The expanded variable testing evaluates whether alternative variables can improve upon the current 5-variable specification. By testing additional candidate variables within the same 5-variable framework, we determine whether **better variable choices** exist rather than simply adding more variables.

**Key Findings:**

The comparison between the original variable pool and the expanded pool reveals whether:

1. **New variables improve model fit**: If the best model from the expanded pool shows meaningful improvement (adjusted R² increase >0.01), it suggests that the additional variables capture important channels not fully captured by the original variables.

2. **Original variables remain optimal**: If improvement is minimal or negative, it confirms that our initial variable selection was appropriate and that the original variables effectively capture the key economic mechanisms affecting BNPL excess returns.

3. **Variable substitution opportunities**: The results show which specific variables from the expanded pool (if any) should replace existing variables in the optimal specification.

**Interpretation of Additional Variables:**

If any of the additional variables appear in the best-performing models:

- **Unemployment Rate Change**: Would indicate that labor market conditions directly affect BNPL stock performance, consistent with CFPB (2025) findings that 57.9% of BNPL users experienced income disruptions.

- **Consumer Credit Growth**: Would suggest that broader credit market conditions affect BNPL firms' competitive position and growth prospects.

- **CPI Inflation Rate**: Would indicate that purchasing power effects directly impact BNPL demand and usage patterns.

- **Market Return (SPY)**: Would control for systematic market movements, helping isolate BNPL-specific effects from general market trends.

**Final Model Selection:**

Based on the comparison results, we select the model specification (from either the original or expanded pool) that achieves the highest adjusted R² while maintaining theoretical coherence. This ensures we use the **best combination of 5 variables** available, whether from the original candidate pool or including improved alternatives identified through expanded testing.

### Improved Variable Testing: Testing Additional Candidate Variables

To determine whether we can improve beyond the current 5-variable refined model (R² = 0.2103), we test additional candidate variables that may better capture BNPL excess return dynamics.

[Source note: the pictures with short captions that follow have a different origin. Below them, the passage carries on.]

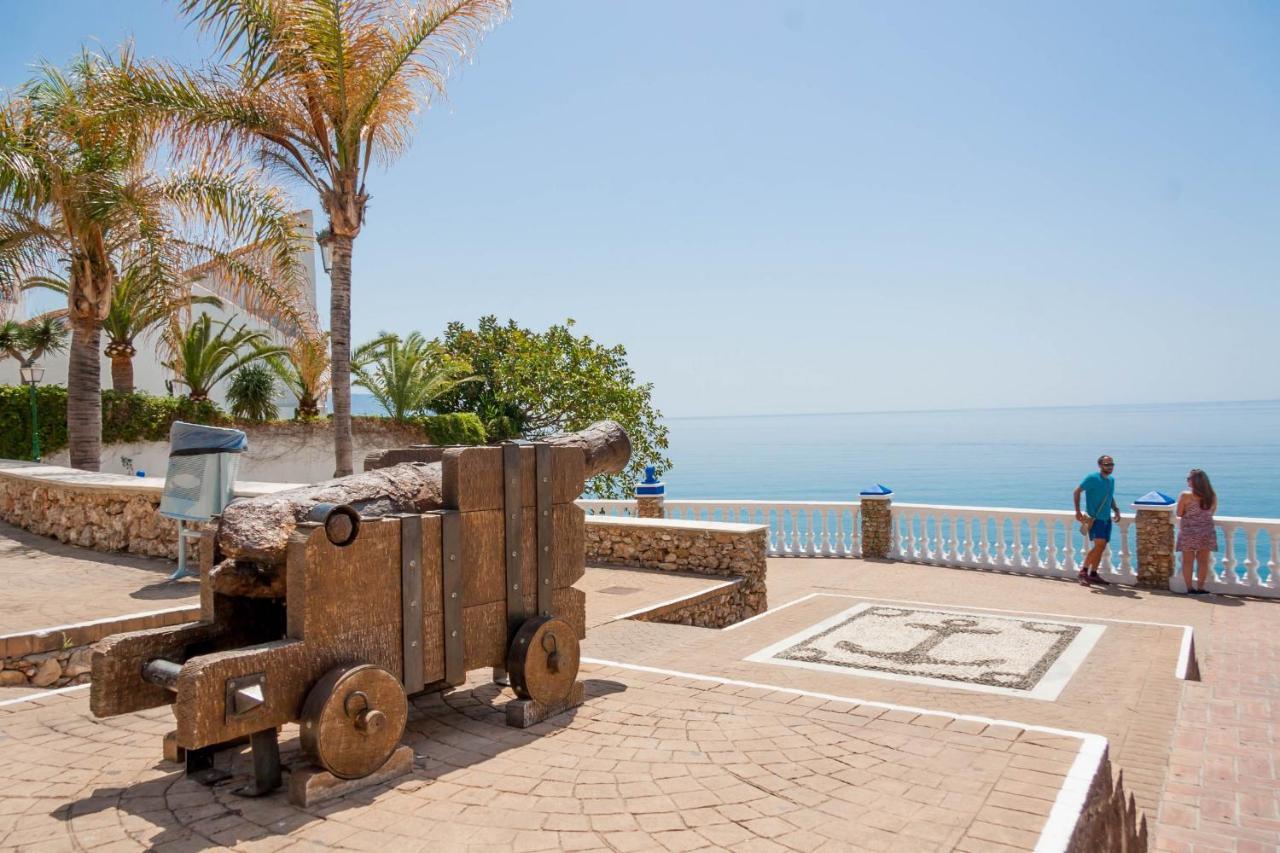 Jarales Parador Canovas Nerja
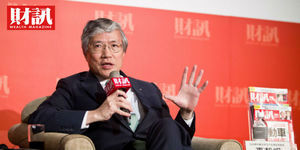 辜朝明:我們應努力讓國際知道「台灣」和「中國」的不同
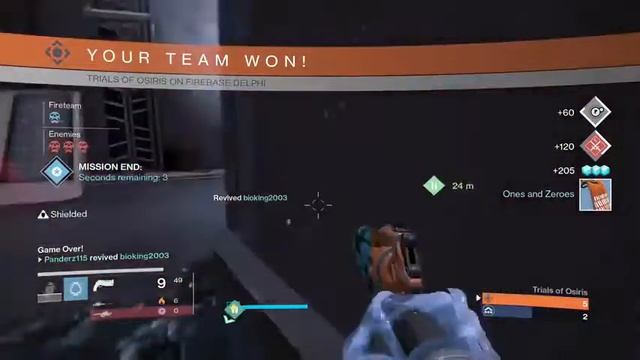 Destiny Trials Of Osiris смотреть онлайн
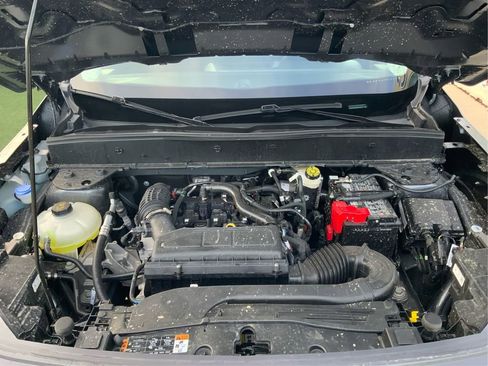 Used 2025 Ford Bronco Sport Big Bend w/ Convenience Package image 24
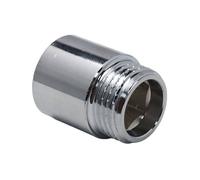Prolunga in ottone IBP M/F 3/4 X 15mm cromata 8540 M06015C00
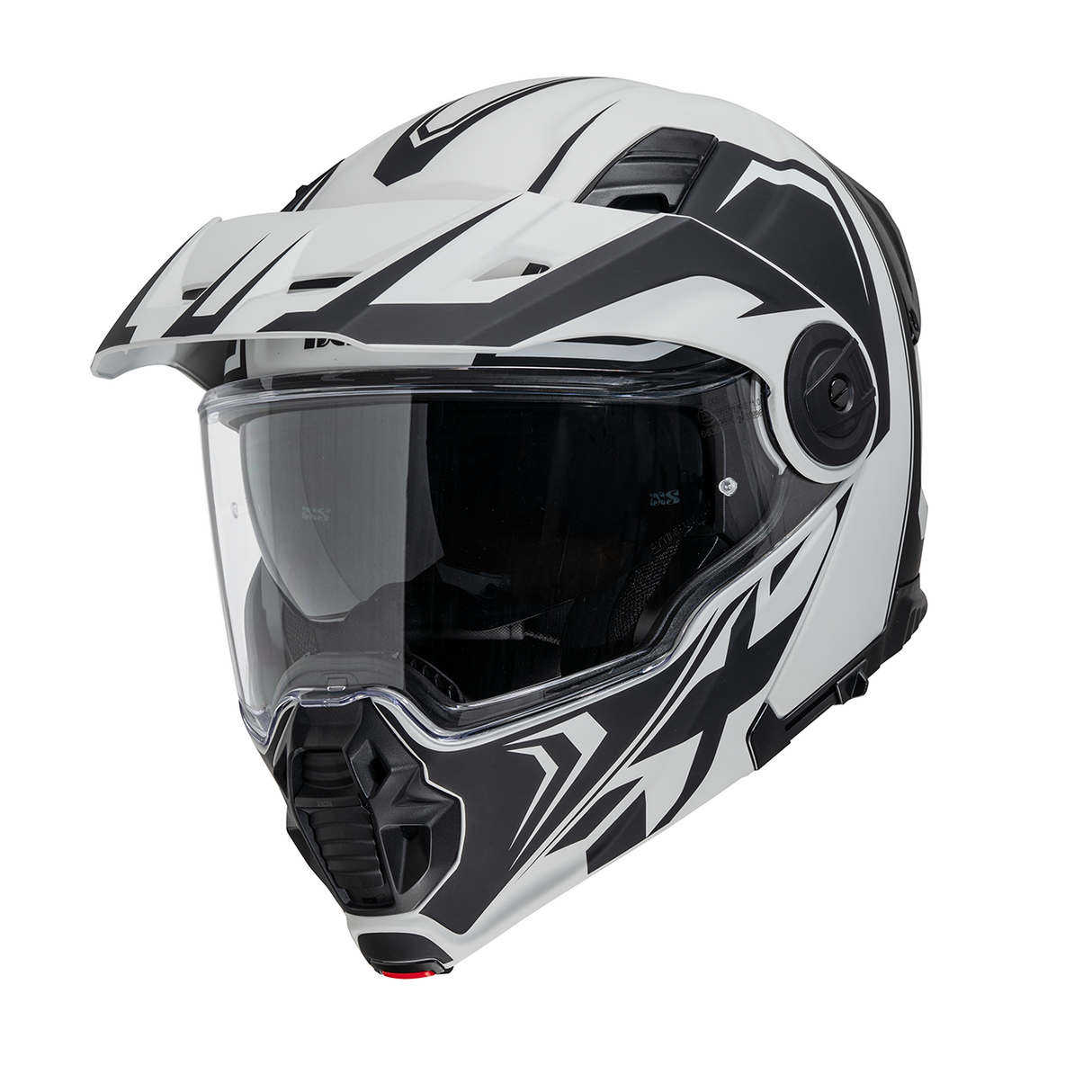 iXS-Klapphelm Venture 1.0 MIPS - matt grau-anthrazit-03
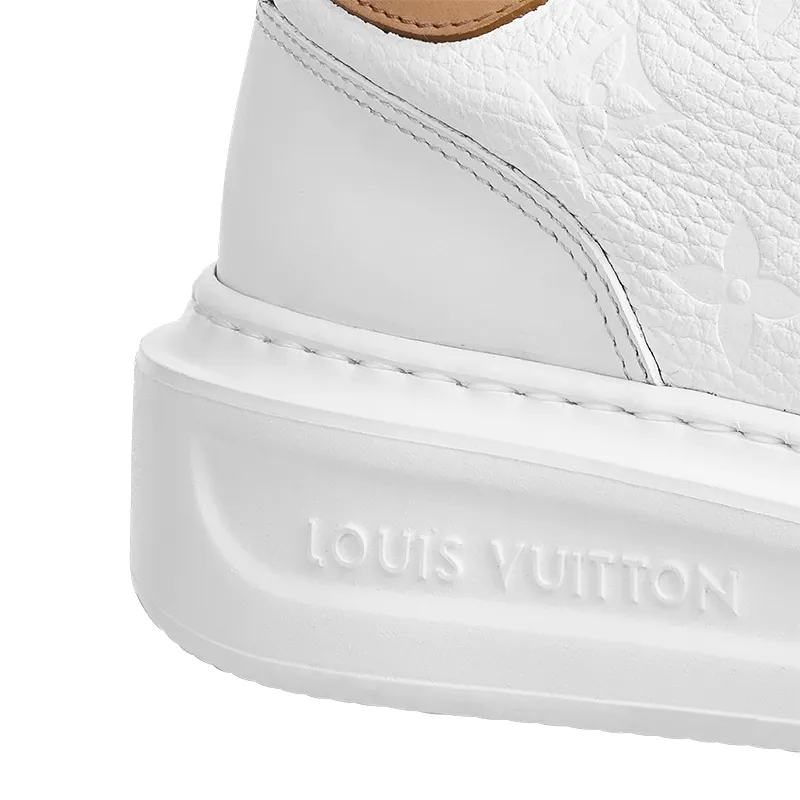 Louis Vuitton White sneakers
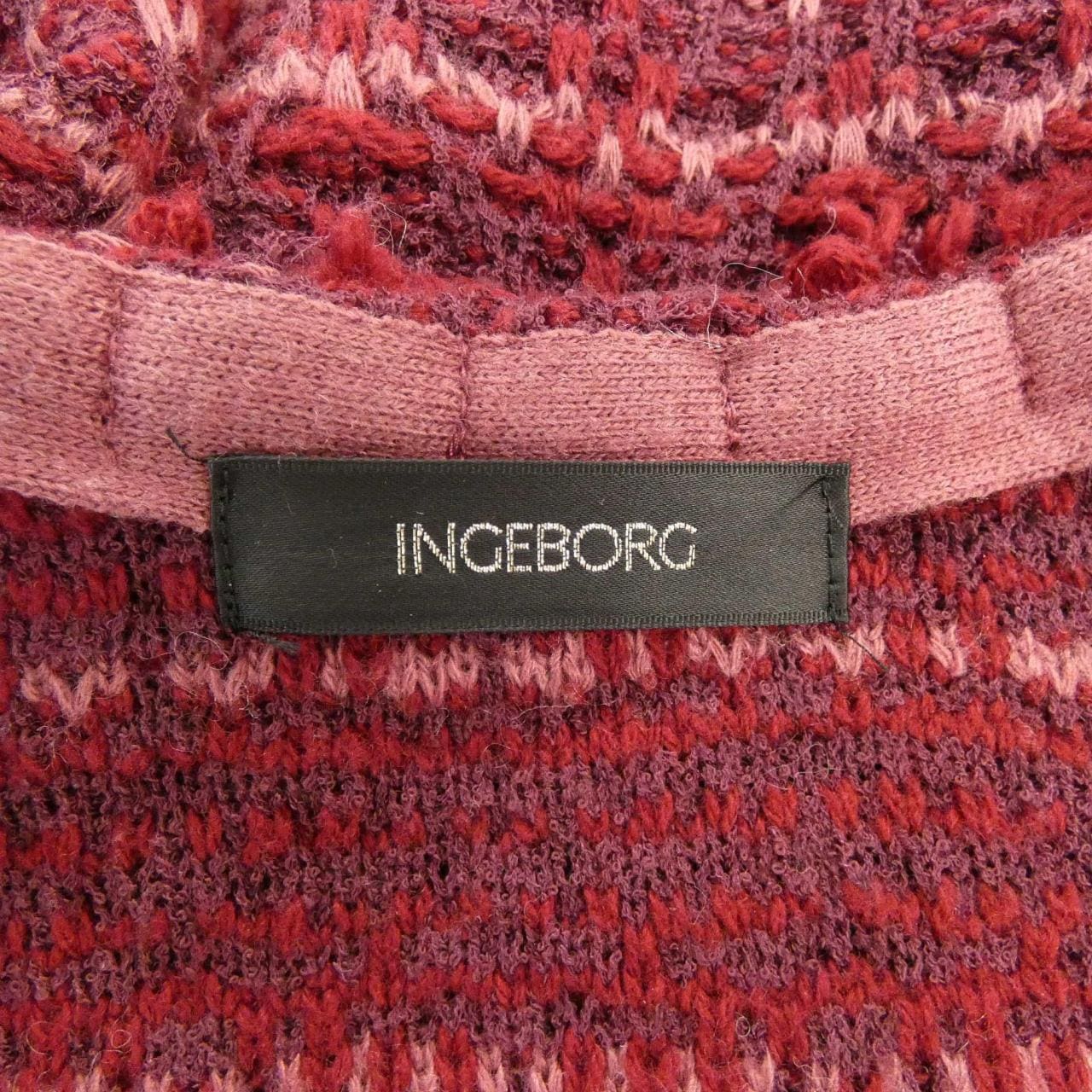 インゲボルグ INGEBORG P023XKAL01A カーディガン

Rather than adding more variables, we test whether **replacing** existing variables with better alternatives improves model fit.

**Additional Candidate Variables:**

Based on economic theory and empirical evidence from CFPB (2025), Chargeflow (2025), and Digital Silk (2025), we test the following additional variables:

1. **Unemployment Rate Change**: Captures labor market stress affecting BNPL users' ability to repay. CFPB (2025) documents that 57.9% of BNPL users experienced income disruptions, making unemployment particularly relevant.

2. **Consumer Credit Growth**: Captures credit availability in the broader consumer credit market. CFPB (2025) shows BNPL borrowers have higher credit card utilization (60-66% vs 34%), suggesting credit availability affects BNPL demand.

3. **CPI Inflation Rate**: Captures purchasing power effects. Digital Silk (2025) reports that 55% of users choose BNPL to afford things they otherwise couldn't, suggesting inflation affects BNPL usage.

4. **Market Return (SPY)**: Controls for systematic market movements, isolating BNPL-specific effects from general market trends.

**Testing Approach:**

We expand our candidate pool to include these additional variables and test **all possible 5-variable combinations** from the expanded pool. This allows us to determine whether any of the new variables should replace existing ones in the optimal specification. We maintain the 5-variable framework to preserve parsimony while exploring whether better variable choices exist.

**Interpretation:**

If the expanded variable pool yields a model with meaningfully higher adjusted R² (>0.01 improvement), it suggests that the additional variables capture important channels not fully captured by the original variables. If improvement is minimal, the original variable pool remains optimal, confirming that our initial variable selection was appropriate.

### Final Selected Model: Complete Specification

After systematic testing of both left-side (interest rate) and right-side (control) variables, we have identified the optimal model specification:

**LEFT SIDE VARIABLE (Selected through Step 1):**

- **Selected Variable**: Prime Rate (Prime_Rate)
- **Selection Method**: Empirical testing of 4 alternative interest rate variables
- **Selection Criterion**: Highest Adjusted R²
- **Result**: Prime Rate achieved the highest adjusted R² (0.0554) among all tested interest rate variables

**RIGHT SIDE VARIABLES (Selected through Step 2):**

- **Selected Variables**: The four control variables shown in the "SELECTED BEST MODEL" output above
- **Selection Method**: Systematic testing of all C(6,4) = 15 combinations of control variables
- **Selection Criterion**: Highest Adjusted R²
- **Result**: The optimal combination of 4 control variables was identified through exhaustive testing

**COMPLETE MODEL:**

The final model specification is:

**Excess_Return_t = β₀ + β₁(Prime_Rate_t) + β₂(Control_Var_1_t) + β₃(Control_Var_2_t) + β₄(Control_Var_3_t) + β₅(Control_Var_4_t) + ε_t**

Where the specific control variables are determined by the model selection algorithm and displayed in the "SELECTED BEST MODEL" output. This two-stage selection process ensures that both the interest rate variable and the control variables are chosen empirically, maximizing model fit while maintaining theoretical coherence with the economic mechanisms documented in CFPB (2025), Chargeflow (2025), and Digital Silk (2025) reports.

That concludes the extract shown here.